== Task goal ==
The required output is the exact run of lines from the one that contains "Camel Antique 20th" to the end of the data, with every picture left out.
***** Materials provided *****
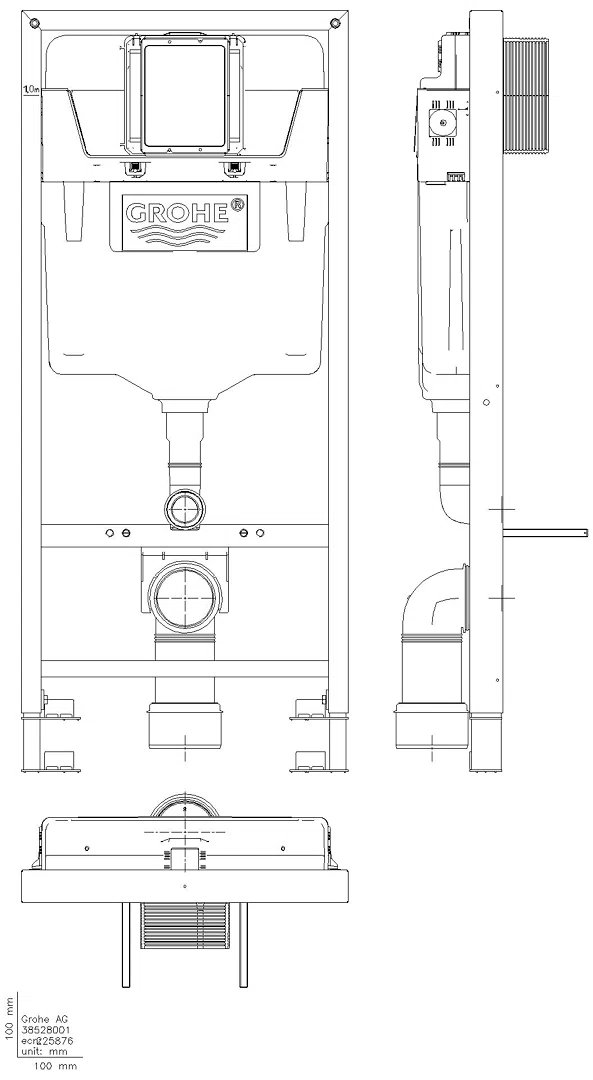 GROHE WC-Element Rapid SL 38528_1 BH 1,13m Spülkasten GD2 kl. Rev.-öffnung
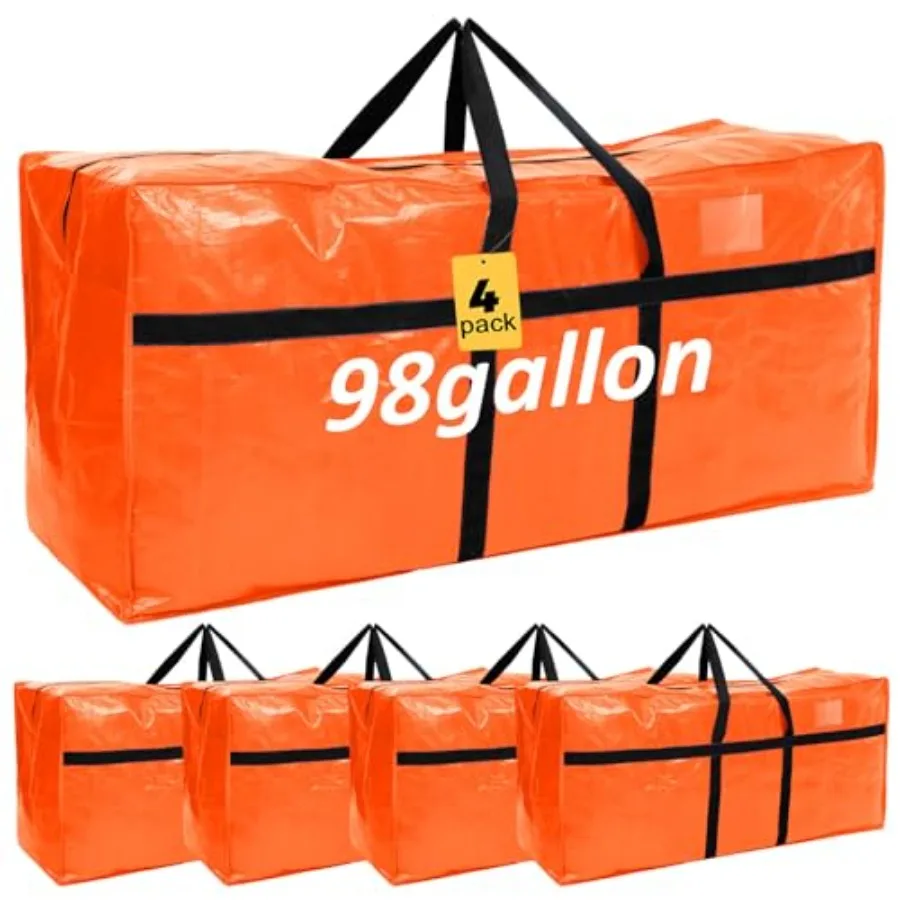 Pack Extra Large Moving Bags XXL Heavy Duty Storage Bag with Strong Zipper Handle Jumbo Big Tote Box Foldable for College Dorm
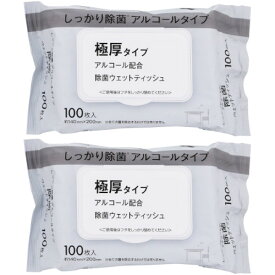 アルコール除菌ウェットティッシュ 100枚【2個セット】(4970511098079-2)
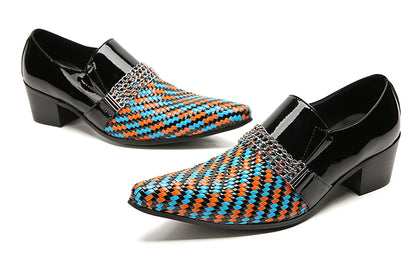 Mens Pointed Toe Three Colors Genuine Leather Woven Penny Loafers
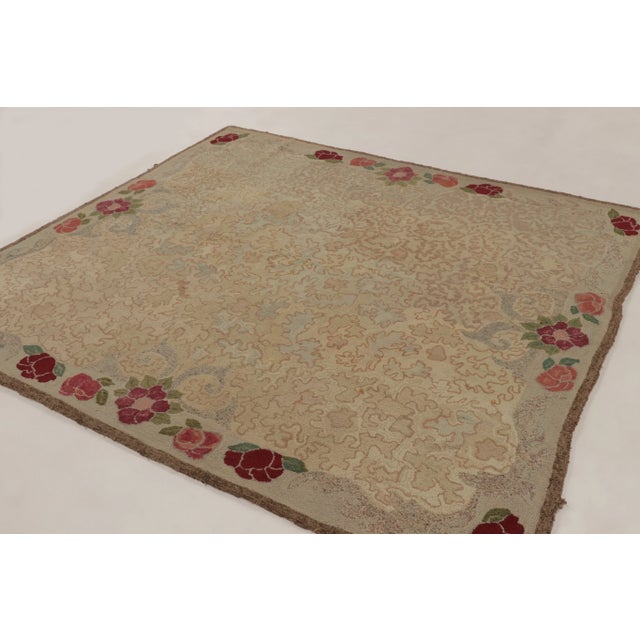 Camel Antique 20th Century Hooked Rug in Beige With Rose Floral Borders - Rug & Kilim For Sale - Image 8 of 10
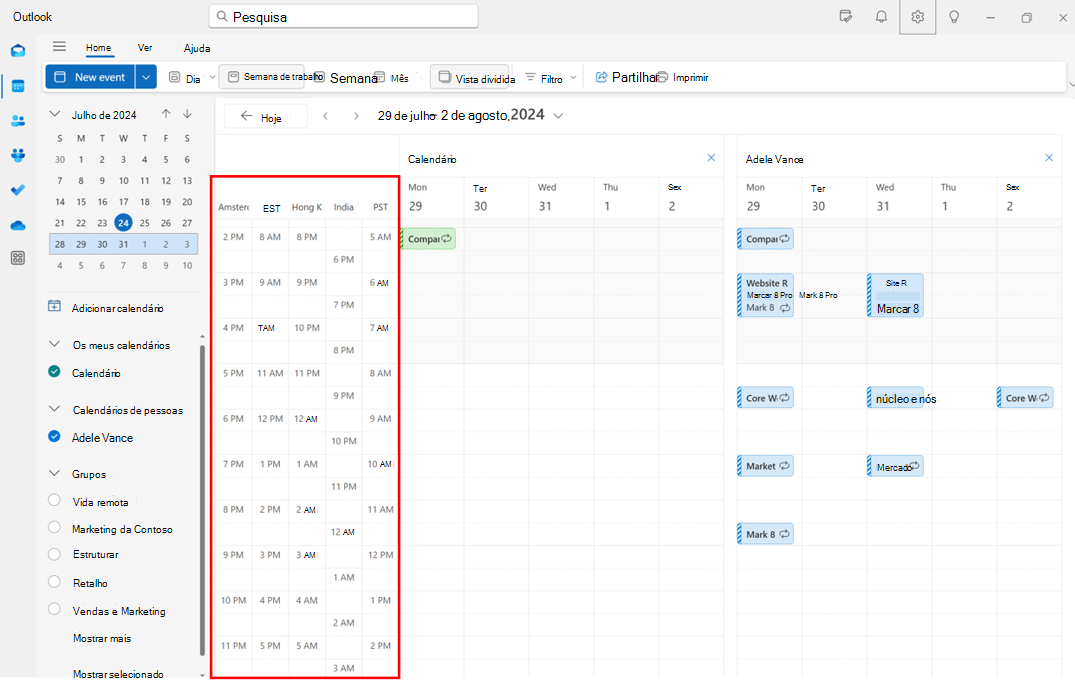 Captura de ecrã a mostrar a adição de vários fusos horários no calendário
*****
== Expected output ==
 Camel Antique 20th Century Hooked Rug in Beige With Rose Floral Borders - Rug & Kilim For Sale - Image 8 of 10
 Captura de ecrã a mostrar a adição de vários fusos horários no calendário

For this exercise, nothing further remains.